Speaking to reporters at a news conference in Ankara Esenboğa Airport ahead of his visit to Washington to meet U.S. officials, Yıldırım said he hopes to improve ties between the two countries.

However, he noted that while improving ties, Turkish officials will preserve sensitivities of the country and the people, and hoped that U.S. officials respect that.

The prime minister denied embassy statement claiming that Turkey gave assurances for staff, saying that Turkey is a state governed by the rule of law and negotiation of such requests would violate those principles.

He noted that all processes are conducted under the rule of law and no exceptions will be made for anyone.

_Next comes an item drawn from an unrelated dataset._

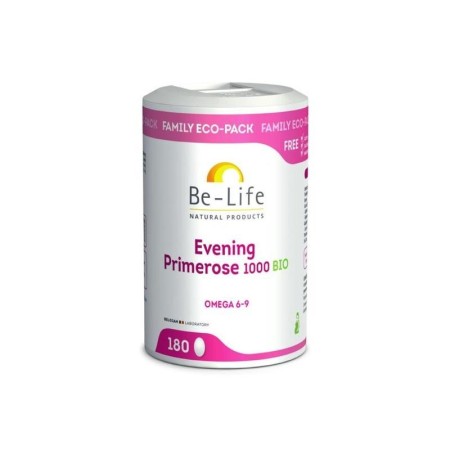 Evening primerose 1000 bio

Yıldırım highlighted that there are Turkish nationals detained in the U.S. and vice versa, and hoped that the U.S. pays attention to Turkey’s concerns during their prosecution.

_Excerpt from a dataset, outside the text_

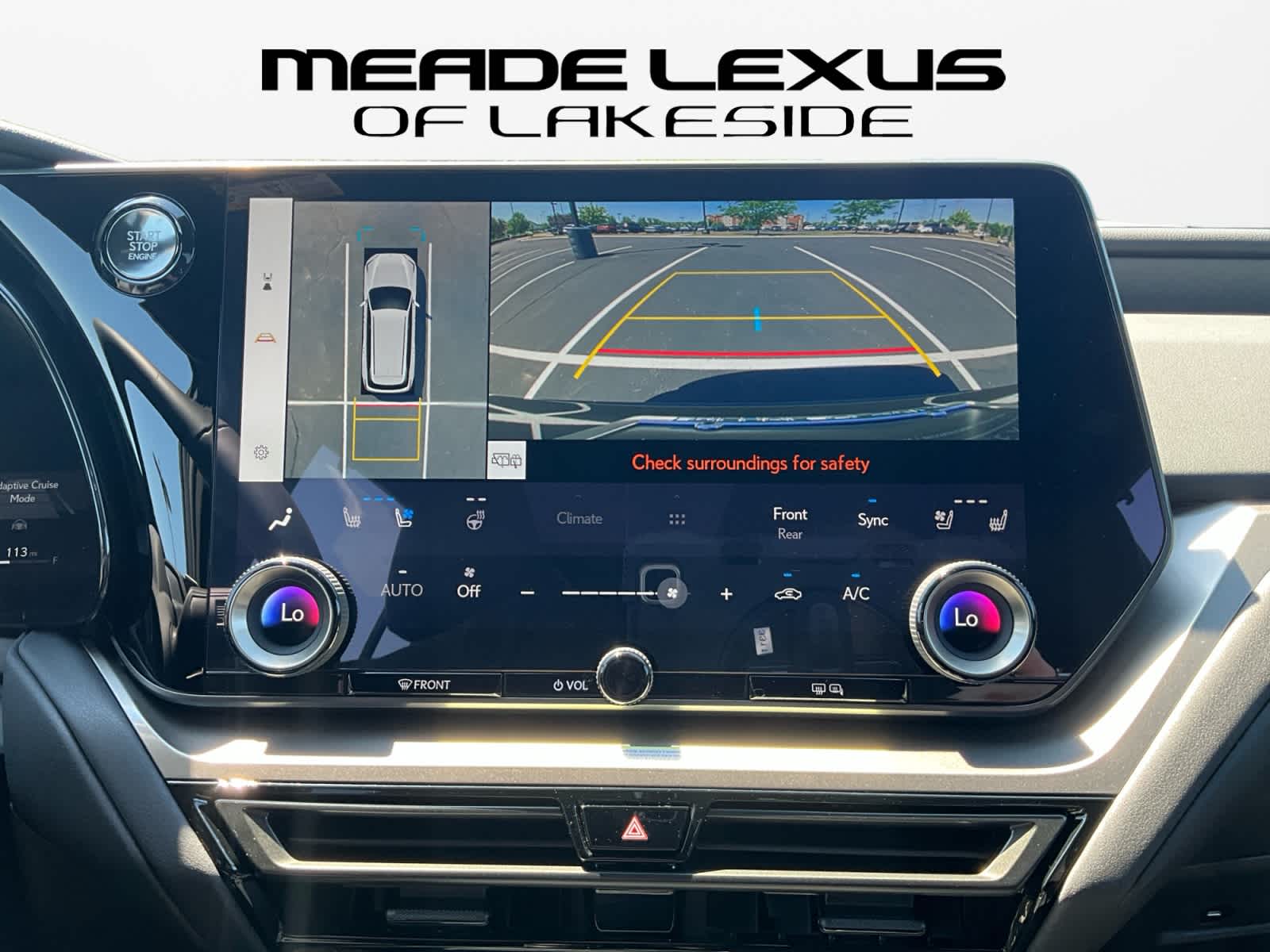 2026 Lexus TX 350 Premium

“Likewise, they make similar demands and these are discussed through diplomatic channels” Yıldırım said, adding that they hope to reach a final resolution.

The U.S. Embassy suspended the visa services at its diplomatic missions in Turkey in early October following the arrest of Metin Topuz, a longstanding U.S. consulate employee and a Drug Enforcement Administration (DEA) agent at the Istanbul Bureau, over ties with the Gülenist Terror Group (FETÖ).

Topuz has been linked to a number of FETÖ suspects, including police commissioners and former prosecutor Zekeriya Öz, a fugitive accused of attempting to overthrow the government through the use of force, according to a judicial source who asked not to be named due to restrictions on speaking to the media.

Following the arrest, the U.S. Embassy in Ankara said all non-immigrant visa services in its diplomatic facilities in Turkey were suspended. Turkey responded to the U.S. move by saying it had halted processing visa applications from the U.S. The pause, announced online by the Turkish embassy in Washington, applies to visas in passports, electronic visas and visas at the borders, and was also effective immediately.

Yıldırım will be meeting with U.S. Vice President Mike Pence and his visit is expected to focus on talks regarding Gülen’s extradition to Turkey.